In caso di detenzione o coltivazione di sostanze stupefacenti all'interno dell'abitazione del convivente, quest'ultimo non è imputabile per concorso nel reato se non viene dimostrato il suo apporto alla condotta criminosa del partner, anche in forme che agevolino o rafforzino il proposito criminoso, configurandosi in tal caso una mera connivenza non punibile. Questo è quanto si desume dalla sentenza della Corte d'appello di Roma n. 6346/2019.

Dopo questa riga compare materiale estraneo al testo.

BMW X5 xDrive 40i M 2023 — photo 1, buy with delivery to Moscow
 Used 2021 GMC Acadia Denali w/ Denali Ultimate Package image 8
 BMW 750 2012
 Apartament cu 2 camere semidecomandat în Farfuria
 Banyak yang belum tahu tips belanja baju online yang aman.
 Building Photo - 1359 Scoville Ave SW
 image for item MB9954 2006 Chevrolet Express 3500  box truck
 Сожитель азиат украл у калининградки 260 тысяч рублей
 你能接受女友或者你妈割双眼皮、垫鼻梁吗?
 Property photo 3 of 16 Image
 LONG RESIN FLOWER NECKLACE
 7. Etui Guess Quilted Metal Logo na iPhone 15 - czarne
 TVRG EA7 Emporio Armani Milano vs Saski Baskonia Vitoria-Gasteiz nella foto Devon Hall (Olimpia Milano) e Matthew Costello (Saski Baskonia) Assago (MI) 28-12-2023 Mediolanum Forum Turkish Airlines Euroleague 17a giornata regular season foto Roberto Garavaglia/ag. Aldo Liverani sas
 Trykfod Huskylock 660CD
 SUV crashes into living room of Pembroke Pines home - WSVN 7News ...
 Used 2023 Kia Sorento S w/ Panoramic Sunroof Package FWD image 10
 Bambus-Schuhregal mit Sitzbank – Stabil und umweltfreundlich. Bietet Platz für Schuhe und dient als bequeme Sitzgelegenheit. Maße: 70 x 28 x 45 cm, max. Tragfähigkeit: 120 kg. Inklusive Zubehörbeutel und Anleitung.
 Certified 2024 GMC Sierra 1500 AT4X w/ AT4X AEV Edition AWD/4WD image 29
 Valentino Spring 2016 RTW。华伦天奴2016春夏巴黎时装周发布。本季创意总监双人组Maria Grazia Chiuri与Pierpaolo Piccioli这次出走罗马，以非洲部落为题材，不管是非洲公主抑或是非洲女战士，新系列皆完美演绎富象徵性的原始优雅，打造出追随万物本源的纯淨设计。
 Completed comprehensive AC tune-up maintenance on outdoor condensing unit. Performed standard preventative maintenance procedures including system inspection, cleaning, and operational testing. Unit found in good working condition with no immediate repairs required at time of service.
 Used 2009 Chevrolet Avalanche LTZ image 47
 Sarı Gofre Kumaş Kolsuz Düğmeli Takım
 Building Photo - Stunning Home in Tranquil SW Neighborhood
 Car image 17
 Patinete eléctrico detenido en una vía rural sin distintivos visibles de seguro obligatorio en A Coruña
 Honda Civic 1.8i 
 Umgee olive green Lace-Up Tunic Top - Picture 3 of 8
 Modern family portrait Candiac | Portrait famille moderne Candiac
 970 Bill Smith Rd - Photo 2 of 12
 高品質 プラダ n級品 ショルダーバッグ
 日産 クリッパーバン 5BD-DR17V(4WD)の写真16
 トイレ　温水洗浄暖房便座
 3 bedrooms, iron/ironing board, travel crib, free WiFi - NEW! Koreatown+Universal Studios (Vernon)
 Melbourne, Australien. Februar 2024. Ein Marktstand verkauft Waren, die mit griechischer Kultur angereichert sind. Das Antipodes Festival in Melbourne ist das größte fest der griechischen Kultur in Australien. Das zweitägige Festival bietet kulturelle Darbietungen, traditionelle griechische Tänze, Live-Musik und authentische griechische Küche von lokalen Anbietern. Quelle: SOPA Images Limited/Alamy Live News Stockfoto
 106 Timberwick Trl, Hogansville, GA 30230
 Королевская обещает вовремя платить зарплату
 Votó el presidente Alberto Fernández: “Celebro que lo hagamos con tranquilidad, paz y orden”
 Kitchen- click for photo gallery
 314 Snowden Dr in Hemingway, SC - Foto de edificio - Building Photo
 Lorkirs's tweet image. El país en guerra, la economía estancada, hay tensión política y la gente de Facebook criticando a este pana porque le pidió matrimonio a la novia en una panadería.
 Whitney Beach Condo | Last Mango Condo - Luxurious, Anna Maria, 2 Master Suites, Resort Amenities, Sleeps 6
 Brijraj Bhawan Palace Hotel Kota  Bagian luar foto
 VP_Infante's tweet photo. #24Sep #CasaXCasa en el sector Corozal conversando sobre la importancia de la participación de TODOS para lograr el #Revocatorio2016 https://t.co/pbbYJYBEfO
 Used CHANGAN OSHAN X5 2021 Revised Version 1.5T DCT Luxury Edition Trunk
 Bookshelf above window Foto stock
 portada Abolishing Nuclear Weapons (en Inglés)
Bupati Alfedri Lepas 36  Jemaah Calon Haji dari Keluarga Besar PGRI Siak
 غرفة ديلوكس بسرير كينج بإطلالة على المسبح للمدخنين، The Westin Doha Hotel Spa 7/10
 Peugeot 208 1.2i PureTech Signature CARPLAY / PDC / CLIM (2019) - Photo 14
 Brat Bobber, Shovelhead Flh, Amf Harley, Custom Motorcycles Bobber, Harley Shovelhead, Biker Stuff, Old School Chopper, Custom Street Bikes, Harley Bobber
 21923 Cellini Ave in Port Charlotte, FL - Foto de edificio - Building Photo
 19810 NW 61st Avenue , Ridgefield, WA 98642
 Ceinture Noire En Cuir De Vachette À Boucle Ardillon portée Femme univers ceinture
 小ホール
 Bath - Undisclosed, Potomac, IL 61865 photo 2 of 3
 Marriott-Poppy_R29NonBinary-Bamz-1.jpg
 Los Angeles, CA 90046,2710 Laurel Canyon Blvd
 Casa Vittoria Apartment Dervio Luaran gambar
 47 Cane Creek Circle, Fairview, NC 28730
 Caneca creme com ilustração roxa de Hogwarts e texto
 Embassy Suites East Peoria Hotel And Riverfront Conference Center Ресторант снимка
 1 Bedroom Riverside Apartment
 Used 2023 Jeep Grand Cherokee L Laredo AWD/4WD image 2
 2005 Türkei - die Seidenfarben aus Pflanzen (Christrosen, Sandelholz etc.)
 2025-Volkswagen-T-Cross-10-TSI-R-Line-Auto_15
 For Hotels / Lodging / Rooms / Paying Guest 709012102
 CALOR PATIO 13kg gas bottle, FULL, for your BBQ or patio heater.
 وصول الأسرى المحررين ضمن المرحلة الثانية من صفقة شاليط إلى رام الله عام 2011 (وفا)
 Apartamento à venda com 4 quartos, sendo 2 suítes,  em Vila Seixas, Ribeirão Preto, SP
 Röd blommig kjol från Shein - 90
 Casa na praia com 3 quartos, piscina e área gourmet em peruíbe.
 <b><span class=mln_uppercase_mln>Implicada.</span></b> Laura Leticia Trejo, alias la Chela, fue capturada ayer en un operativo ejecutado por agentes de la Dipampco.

Il caso - La vicenda oggetto della decisione riguarda una coppia di conviventi, trovati in possesso presso l'abitazione di proprietà della donna di un quantitativo di marijuana pari a 110 g. e a 19 piante di Cannabis Indica, da cui era complessivamente possibile ricavare oltre 380 dosi. Tratti a giudizio per rispondere del reato ex articolo 73 del testo unico in materia di stupefacenti (Dpr n. 309/1990) in concorso tra loro, i due venivano condannati dal Tribunale, che non prendeva in considerazione la tesi del consumo personale della sostanza, in relazione all'uomo, per la mancanza in casa sia di contanti che di buste di confezionamento; né la tesi dell'assenza di concorso nel reato, in relazione alla donna, per la mancanza della prova di un suo contributo alla coltivazione e custodia della sostanza medesima.

La distinzione tra connivenza non punibile e concorso di reato - Giunti in appello, il verdetto rimane immutato circa la posizione dell'uomo, per via del quantitativo sproporzionato rispetto alla finalità di uso personale, ma cambia nei confronti della donna. Ebbene, secondo la Corte d'appello nella fattispecie non si è in presenza di un concorso nel reato, bensì di una cosiddetta connivenza non punibile, ovvero quella situazione nella quale un soggetto è a conoscenza della commissione di un reato ma non arreca alcun contributo alla sua realizzazione, né sotto il profilo causale né sotto il profilo psicologico.
In altri termini, spiega il Collegio, come affermato dalla giurisprudenza di legittimità proprio con riferimento ai reati in materia di stupefacenti, si configura una connivenza non punibile «a fronte di una condotta meramente passiva, consistente nell'assistenza inerte, inidonea ad apportare un contributo causale alla realizzazione dell'illecito, di cui pur si conosca la sussistenza, mentre ricorre il concorso nel reato nel caso in cui si offra un consapevole apporto - morale o materiale - all'altrui condotta criminosa, anche in forme che agevolino o rafforzino il proposito criminoso del concorrente, caratterizzato, sotto il profilo psicologico, dalla coscienza e volontà di arrecare un contributo concorsuale alla realizzazione dell'evento illecito». Ciò posto, nel caso di specie, secondo i giudici, non è ben spiegato dall'accusa il tipo di apporto che la donna può aver dato alla consumazione del reato da parte del compagno, non potendo essere confusa la titolarità dell'immobile in cui è stata rinvenuta la sostanza stupefacente con una partecipazione effettiva all'azione criminosa.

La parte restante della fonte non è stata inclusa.